I have simulated three data sets of 20M points each for testing LR with binary response variables with very rare events:
1) Two continuous effects: Beta0=12, beta1=1 and Beta2=1. X1 is Normal (-0.8, .25) and X2 is -ABS[Normal (0,5)]. (Each of the two variables increases the probability of the event, depending upon the value of the variable.) In this case there are about 711,000 positive events in 20M samples. Upon running LR, I get fairly good estimates of the three betas: b0 = 12.003, b1=1.005,b2=0.99996. RSquare(U)=0.623, AICc = 2,314,760 and BIC=2,314,804. The ROC AUC=0.97835.
2) The second data set has one continuous and one categorical effect. For this data, I replace the second continuous variable in the first data set with a binary variable occurring with probability 0.05 and a Beta2 = -2. This data contains just 394 events in the total of 20M samples. Upon running LR, the estimates are : b0 = 11.0988, b1=1.184, b2=-1.01. RSquare(U)=0.0283, AICc = 9,068 and BIC=9,112. The ROC with AUC = 0.68. So, while the Beta0 and Beta1 estimates are reasonable, estimate of Beta2 for the nominal variable appears to be half the true value.
3) To generate the third data set I use both effects as binomially generated binary variables. I replace one continuous variable in the first data set with a binary variable occurring with probability 0.05 and a Beta2 = -2. I replace the second continuous variable with another binomially generated random variable with probability 0.1 and Beta = -1. This data contains just 165 events in the total of 20M samples. Upon running LR, the estimated parameter values are: b0 = 10.582, b1 = - 1.14, b2 = - 0.512. RSquare(U)=0.0384, AICc = 4,038 and BIC=4,082. The ROC AUC=0.6756. So, while the Beta0 estimate is reasonable, estimates of Beta1 and Beta2 for both nominal variables appears to be half the true value
What am I missing here?
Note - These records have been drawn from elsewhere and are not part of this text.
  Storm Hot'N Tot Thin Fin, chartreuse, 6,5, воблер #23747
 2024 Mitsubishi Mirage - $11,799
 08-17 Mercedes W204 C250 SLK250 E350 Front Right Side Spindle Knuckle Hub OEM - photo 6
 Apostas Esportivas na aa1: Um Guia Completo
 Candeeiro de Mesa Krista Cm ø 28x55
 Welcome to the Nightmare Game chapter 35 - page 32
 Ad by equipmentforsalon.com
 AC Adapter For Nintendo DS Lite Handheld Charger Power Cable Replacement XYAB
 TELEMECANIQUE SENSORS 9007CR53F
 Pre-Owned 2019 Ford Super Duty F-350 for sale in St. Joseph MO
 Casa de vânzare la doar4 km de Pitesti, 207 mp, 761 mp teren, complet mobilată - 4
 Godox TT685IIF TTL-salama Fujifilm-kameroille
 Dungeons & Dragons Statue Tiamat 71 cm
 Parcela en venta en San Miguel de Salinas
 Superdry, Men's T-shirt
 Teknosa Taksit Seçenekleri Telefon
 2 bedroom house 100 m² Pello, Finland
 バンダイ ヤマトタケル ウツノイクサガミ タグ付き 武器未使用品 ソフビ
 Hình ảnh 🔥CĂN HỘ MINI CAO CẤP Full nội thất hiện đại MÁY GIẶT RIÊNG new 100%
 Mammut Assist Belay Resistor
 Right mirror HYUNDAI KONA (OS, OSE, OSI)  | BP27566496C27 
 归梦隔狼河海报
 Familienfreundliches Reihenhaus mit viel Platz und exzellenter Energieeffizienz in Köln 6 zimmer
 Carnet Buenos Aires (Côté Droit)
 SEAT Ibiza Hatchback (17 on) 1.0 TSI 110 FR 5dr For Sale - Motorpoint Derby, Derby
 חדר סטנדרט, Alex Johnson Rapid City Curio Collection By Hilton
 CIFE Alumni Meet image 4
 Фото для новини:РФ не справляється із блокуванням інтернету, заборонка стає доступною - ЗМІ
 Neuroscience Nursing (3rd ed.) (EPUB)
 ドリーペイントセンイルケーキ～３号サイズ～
Why should the estimates of coefficients of categorical variables be half their true values?
My next tests are going to be with under-sampling the non-events and then applying the under-sampling correction to the Beta0. But, first I would like to understand the estimates generated by LR in JMP. Any suggestions or clarification would be greatly appreciated.